◆ Problem to work on
Please return the lines from the one with "[valssu (茶琉)] おまけおぶふぁるす（＋α）まとめました [DL版]" through the end of the listing below, word for word, with every picture left out.

◆ Dataset excerpts
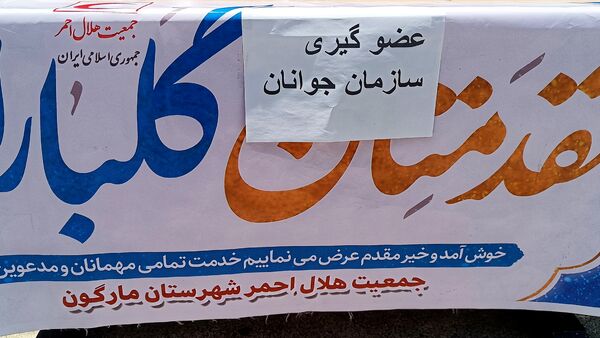 حضور فعال هلال احمر مارگون در نمایشگاه عید غدیر با ارائه خدمات امدادی و آموزشی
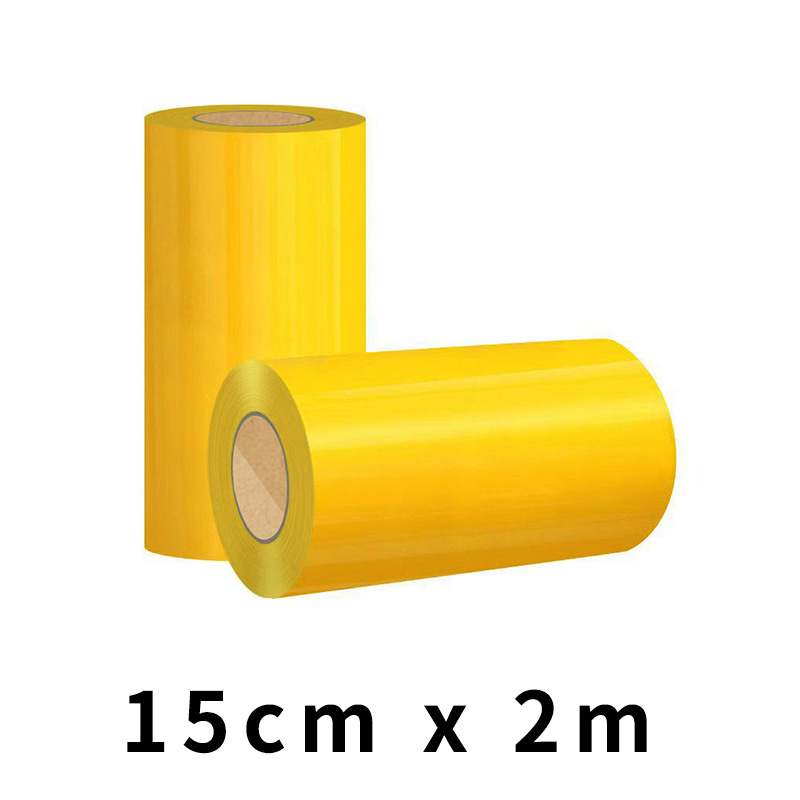 15cm x 2m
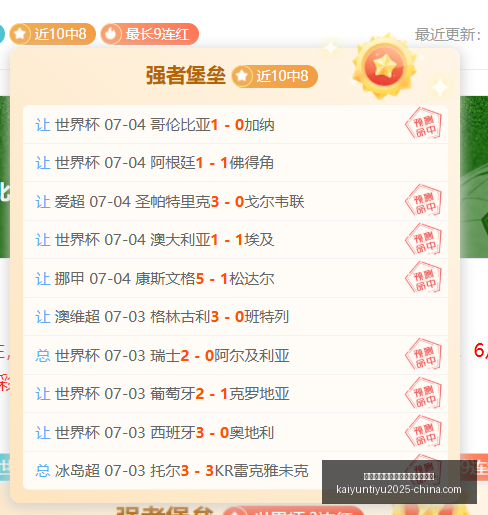 开云平台官,方网勒沃库,森赞助商开,开云平台官网,开云平台,勒沃库森赞助商,开云体育合作,开云全站
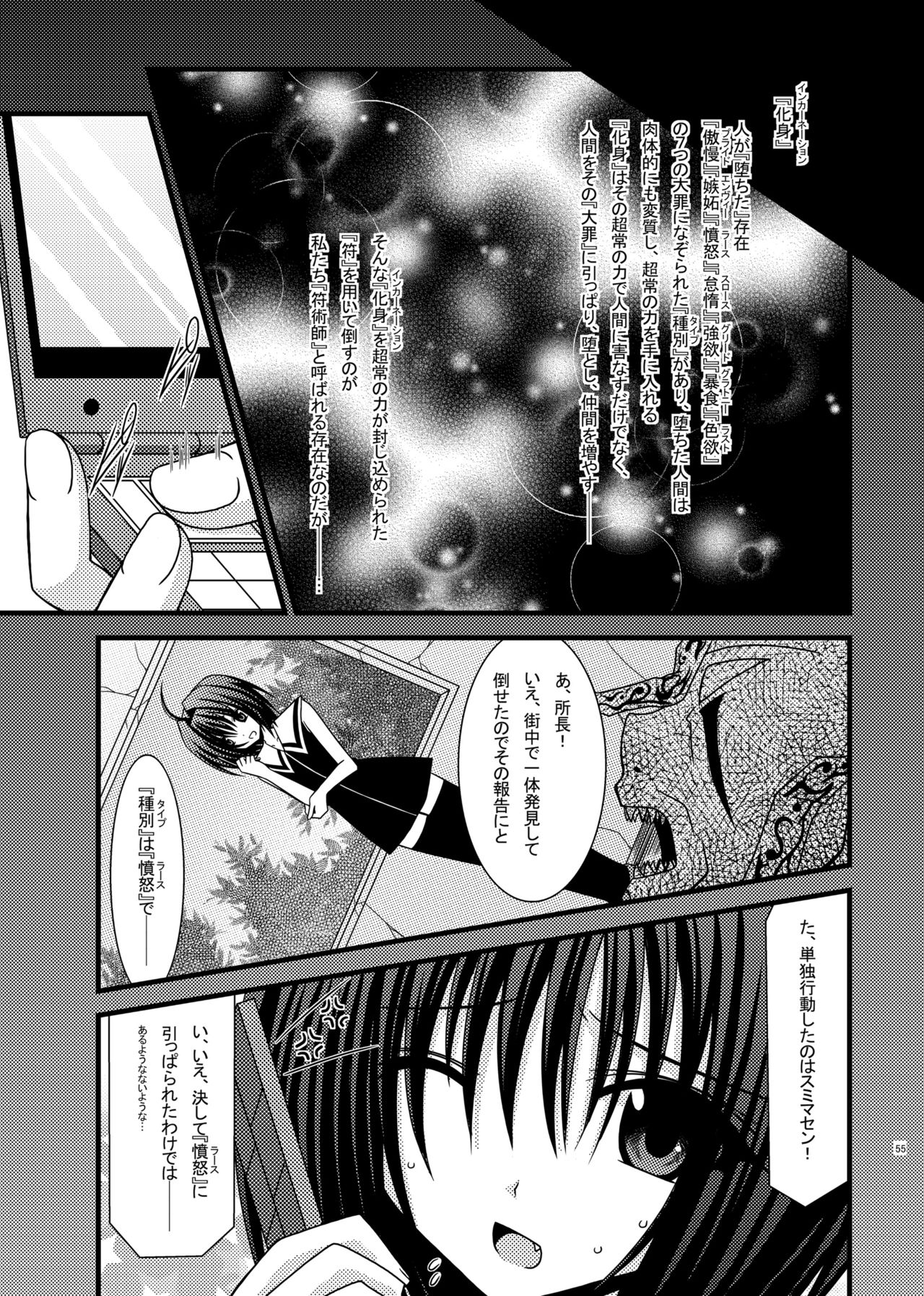 [valssu (茶琉)] おまけおぶふぁるす（＋α）まとめました [DL版]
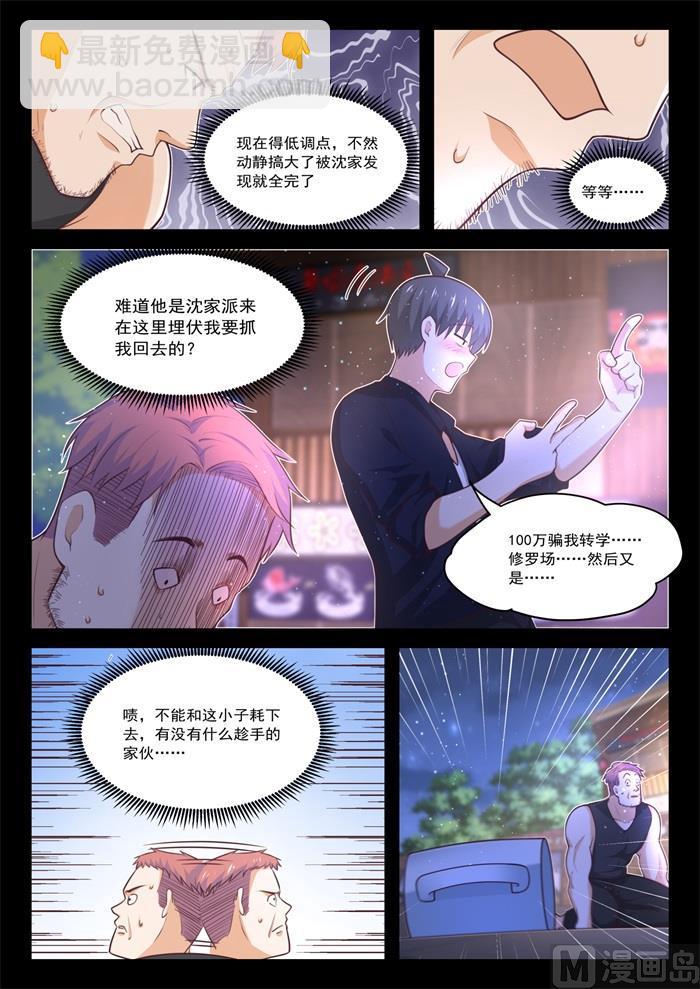【423】叽叽歪歪5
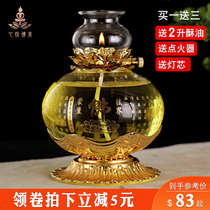 Ghee lamp for Buddha lamp Household for Buddha oil lamp for Buddha oil lamp for Buddha front lamp Su oil lamp Lotus retro Changming lamp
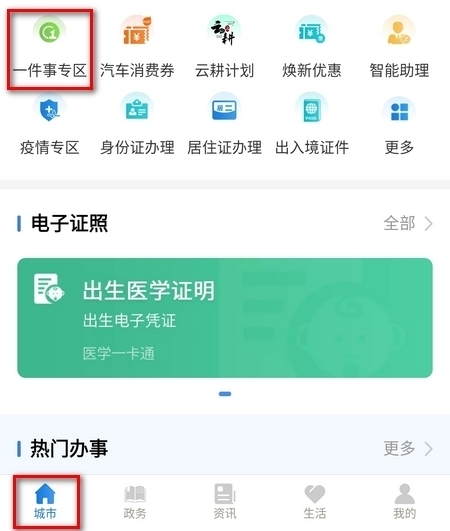 郑州住房公积金能不能网上提取 提取流程如下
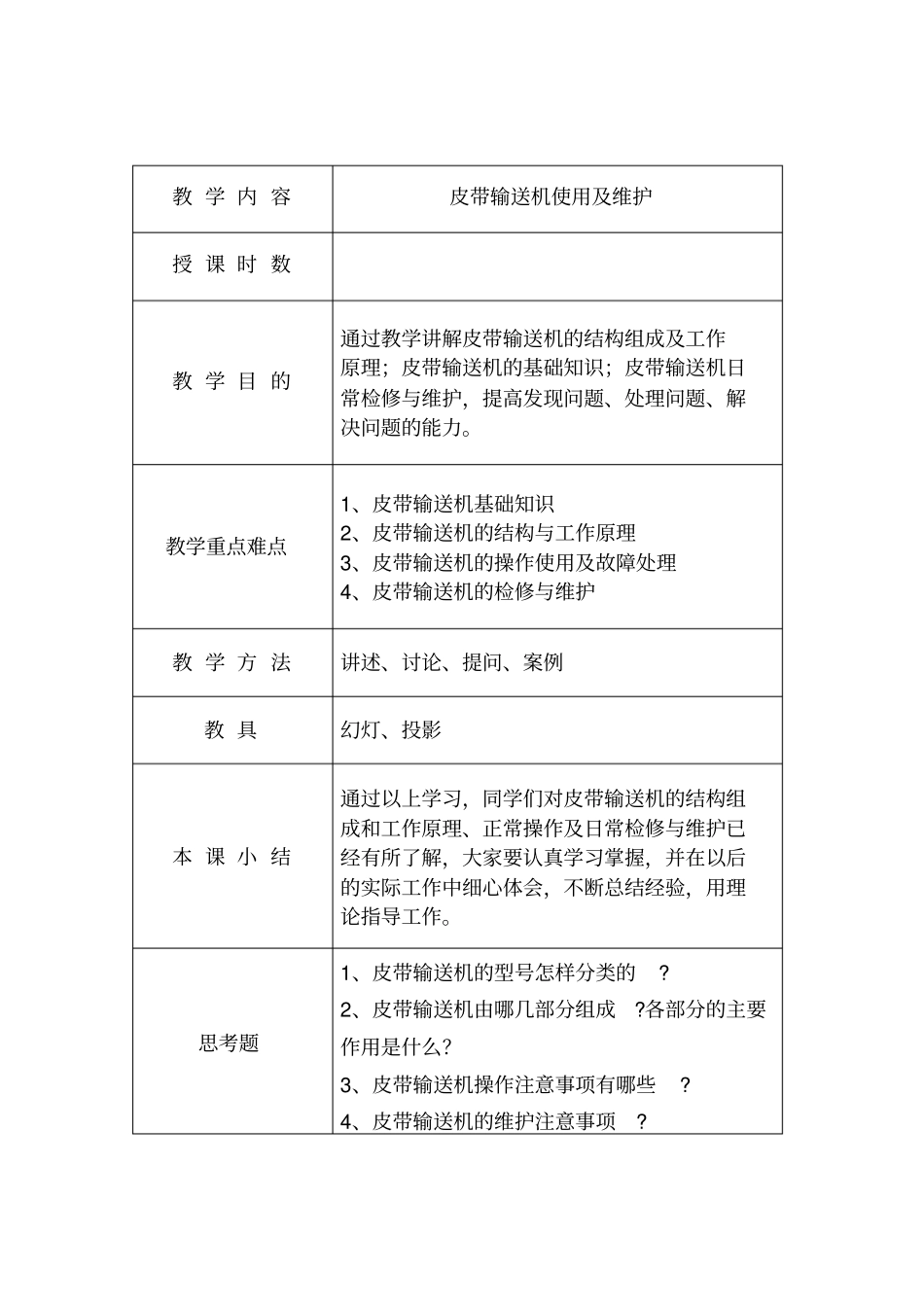 皮带输送机使用维护_第2页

◆ Answer space
 [valssu (茶琉)] おまけおぶふぁるす（＋α）まとめました [DL版]
【423】叽叽歪歪5
 Ghee lamp for Buddha lamp Household for Buddha oil lamp for Buddha oil lamp for Buddha front lamp Su oil lamp Lotus retro Changming lamp
 郑州住房公积金能不能网上提取 提取流程如下
 皮带输送机使用维护_第2页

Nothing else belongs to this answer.